Ma tutti ricordano con altrettanta chiarezza la frase detta da Buticchi a Roma su per giù nelle
identiche condizioni: “uno scambio con Sala? – si domandò l’ex presidente del Milan per rispondere
al collega Piero Dardanello – Se Rivera è d’accordo si può anche fare”.

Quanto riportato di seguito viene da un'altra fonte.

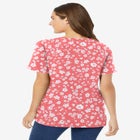 Perfect Printed Short-Sleeve V-Neck Tee image number null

La frase è storica dal momento che determinò la tua indignazione di bandiera posta in vendita, il tuo
Aventino in un castello di Cozzo e l’inizio di quella “lunga marcia” che, se non leggendaria quanto
quella compiuta da Mao attraverso la Cina per batterie Ciang, ebbene del resto la stessa efficacia: né
amicizia, né panfili, né stratosferici libretti al portatore salvarono il “mandarino” Buticchi dalla tua
presa di potere. Non soltanto nel calcio, la cronaca trabocca di piccole cose nate per scolorire in
fretta: destino quest’ultimo certamente riservato anche ai giudizi di Pianelli e Buticchi non fosse che
tu stesso, con tecnica del contrappunto degna di un grande musicista. Li hai almeno in parte
riabilitati sovrapponendo al sarcasmo di Pianelli e al scetticismo di Buticchi l’annuncio del tuo
abbandono: “pur continuando per un pò ad allenarmi, – hai affermato nei giorni scorsi – sicuramente
smetto di giocare a fine stagione. Purtroppo mi sono accorto che il mio fisico pian piano non
risponde più come una volta. Trovo qualche difficoltà a riprendere a certi livelli”.

Come dire, scusa la brutalità, che Pianelli e Buttichi avevano semmai avuto il torto di intuire la
verità con alcuni mesi di anticipo e che solo per questo il primo ti aveva trattato alla stregua di un
abat – jour mentre il secondo, con più garbo, non ti giudicava più indispensabile al Milan. “Avete
visto”, – hai con bella franchezza detto domenica scorsa a San Siro – il Milan continua a vincere
anche senza di me: che ci vado a fare in campo?”. Io cerco di immaginare quanto debba pesarti un
interrogativo del genere ma proprio perché ne ammiro la coerenza non posso non annotare alla fine
che mai come ora tu, Buttichi e persino Pianelli siete figli, patetici o cinici a seconda dei casi, di un
unico sentimento: il crepuscolo di un campione tanto infungibile da aver provocato una definizione
ad personam, esclusiva come quella di “abatino”.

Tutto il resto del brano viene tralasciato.